External issue ID: 8385

 Description   

DistributedShardedDOMDataTreeRemotingTest.testMultipleRegistrationsAtOnePrefix is failing intermittently in master - seen it twice now. I haven't seen it fail in stable/carbon.

00:49:19 org.opendaylight.controller.cluster.sharding.DOMDataTreeShardCreationFailedException: Unable to create a cds shard.
00:49:19 at org.opendaylight.controller.cluster.sharding.DistributedShardedDOMDataTree$2$2.apply(DistributedShardedDOMDataTree.java:358)
00:49:19 at org.opendaylight.controller.cluster.sharding.DistributedShardedDOMDataTree$2$2.apply(DistributedShardedDOMDataTree.java:355)
00:49:19 at scala.concurrent.Future$$anonfun$transform$1$$anonfun$apply$2.apply(Future.scala:224)
00:49:19 at scala.concurrent.Future$$anonfun$transform$1$$anonfun$apply$2.apply(Future.scala:224)

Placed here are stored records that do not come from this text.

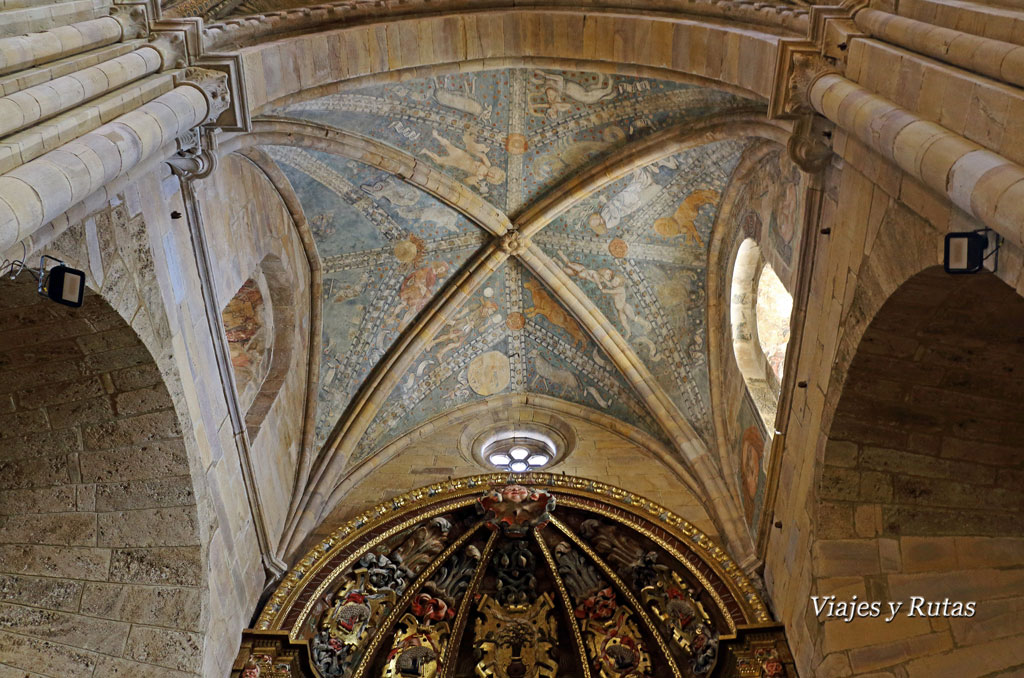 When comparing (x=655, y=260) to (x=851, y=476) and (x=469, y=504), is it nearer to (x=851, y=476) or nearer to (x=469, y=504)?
(x=469, y=504)

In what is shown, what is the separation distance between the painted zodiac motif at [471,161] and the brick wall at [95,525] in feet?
15.8

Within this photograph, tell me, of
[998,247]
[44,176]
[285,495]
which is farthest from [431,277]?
[998,247]

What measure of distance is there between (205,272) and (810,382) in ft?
15.8

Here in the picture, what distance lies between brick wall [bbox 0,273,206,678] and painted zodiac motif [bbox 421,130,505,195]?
4828mm

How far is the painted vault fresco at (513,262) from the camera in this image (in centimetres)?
1023

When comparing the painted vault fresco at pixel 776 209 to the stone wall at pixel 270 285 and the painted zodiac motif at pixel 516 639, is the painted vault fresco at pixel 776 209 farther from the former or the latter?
the stone wall at pixel 270 285

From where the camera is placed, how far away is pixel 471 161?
35.7 feet

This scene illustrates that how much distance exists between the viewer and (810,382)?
7285 millimetres

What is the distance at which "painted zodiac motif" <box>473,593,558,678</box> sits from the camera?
9.17m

00:49:19 at scala.util.Try$.apply(Try.scala:192)
00:49:19 at scala.concurrent.Future$$anonfun$transform$1.apply(Future.scala:224)

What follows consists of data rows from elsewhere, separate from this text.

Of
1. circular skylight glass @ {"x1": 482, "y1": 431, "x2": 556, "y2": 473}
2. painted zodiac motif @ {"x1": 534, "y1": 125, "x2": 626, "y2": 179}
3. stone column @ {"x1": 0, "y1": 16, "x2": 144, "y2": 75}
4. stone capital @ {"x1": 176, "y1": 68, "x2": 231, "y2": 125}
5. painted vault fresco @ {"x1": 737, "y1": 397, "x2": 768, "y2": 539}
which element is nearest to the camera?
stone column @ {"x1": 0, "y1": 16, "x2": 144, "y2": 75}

00:49:19 at scala.concurrent.Future$$anonfun$transform$1.apply(Future.scala:222)
00:49:19 at scala.concurrent.impl.CallbackRunnable.run(Promise.scala:36)
00:49:19 at akka.dispatch.BatchingExecutor$AbstractBatch.processBatch(BatchingExecutor.scala:55)
00:49:19 at akka.dispatch.BatchingExecutor$BlockableBatch$$anonfun$run$1.apply$mcV$sp(BatchingExecutor.scala:91)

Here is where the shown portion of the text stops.